In 1616, he was appointed master of the free school at Croydon. He held the post until 1629, when he went to Wales, having been presented to the rectory of Llandilo-Vawr, in Carmarthenshire, in 1626. In 1644, he was made archdeacon of Brecon. The year before he had been nominated a member of the Westminster Assembly of divines, probably through the interest of the Earl of Northumberland, but he speedily withdrew, together with most of the rest of the Episcopalian clergy.
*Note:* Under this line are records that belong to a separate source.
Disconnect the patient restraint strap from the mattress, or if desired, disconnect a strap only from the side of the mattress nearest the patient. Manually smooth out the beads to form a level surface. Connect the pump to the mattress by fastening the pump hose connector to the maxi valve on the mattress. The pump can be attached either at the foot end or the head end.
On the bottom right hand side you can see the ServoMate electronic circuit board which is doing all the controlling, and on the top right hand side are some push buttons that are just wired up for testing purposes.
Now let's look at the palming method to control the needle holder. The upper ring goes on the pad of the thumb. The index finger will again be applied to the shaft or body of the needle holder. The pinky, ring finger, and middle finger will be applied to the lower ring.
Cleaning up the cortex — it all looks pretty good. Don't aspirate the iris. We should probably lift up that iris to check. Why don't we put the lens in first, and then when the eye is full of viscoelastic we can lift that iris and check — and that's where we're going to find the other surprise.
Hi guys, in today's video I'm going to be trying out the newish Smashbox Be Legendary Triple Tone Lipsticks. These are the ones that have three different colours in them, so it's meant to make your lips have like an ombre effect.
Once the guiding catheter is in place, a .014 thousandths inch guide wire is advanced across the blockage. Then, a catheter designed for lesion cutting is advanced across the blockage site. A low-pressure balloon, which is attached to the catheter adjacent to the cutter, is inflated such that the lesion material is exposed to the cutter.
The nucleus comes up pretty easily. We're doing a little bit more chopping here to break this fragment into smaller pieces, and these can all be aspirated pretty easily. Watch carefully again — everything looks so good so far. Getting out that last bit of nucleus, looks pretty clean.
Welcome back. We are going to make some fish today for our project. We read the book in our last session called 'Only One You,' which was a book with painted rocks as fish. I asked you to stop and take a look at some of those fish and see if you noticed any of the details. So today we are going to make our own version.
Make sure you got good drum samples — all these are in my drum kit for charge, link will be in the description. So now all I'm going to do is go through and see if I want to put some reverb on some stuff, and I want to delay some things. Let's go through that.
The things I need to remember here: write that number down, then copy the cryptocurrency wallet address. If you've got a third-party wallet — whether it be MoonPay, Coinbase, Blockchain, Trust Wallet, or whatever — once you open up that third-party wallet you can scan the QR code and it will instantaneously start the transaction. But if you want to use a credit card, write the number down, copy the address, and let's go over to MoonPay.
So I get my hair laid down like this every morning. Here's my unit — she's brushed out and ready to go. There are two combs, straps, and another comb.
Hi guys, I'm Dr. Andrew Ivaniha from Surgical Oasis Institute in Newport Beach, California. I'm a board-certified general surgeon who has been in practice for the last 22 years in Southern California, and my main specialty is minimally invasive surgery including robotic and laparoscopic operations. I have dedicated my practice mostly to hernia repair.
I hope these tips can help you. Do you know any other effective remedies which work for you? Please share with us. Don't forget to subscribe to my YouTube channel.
When deprived of his preferments by the parliament he maintained himself by keeping a private school, which he carried on in partnership with Jeremy Taylor and William Wyatt at Newton Hall ('Collegium Newtoniense'), in the parish of Llanfihangel Aberbythych, in Carmarthenshire. One of his pupils was Judge John Powell. With Taylor, he wrote in the defence of the doctrine and discipline of the church of England, and in illustration of her teaching. His Exposition of the Apostles' Creed and Exposition of the Church Catechism were both written for the instruction of his former parishioners at Llandilo.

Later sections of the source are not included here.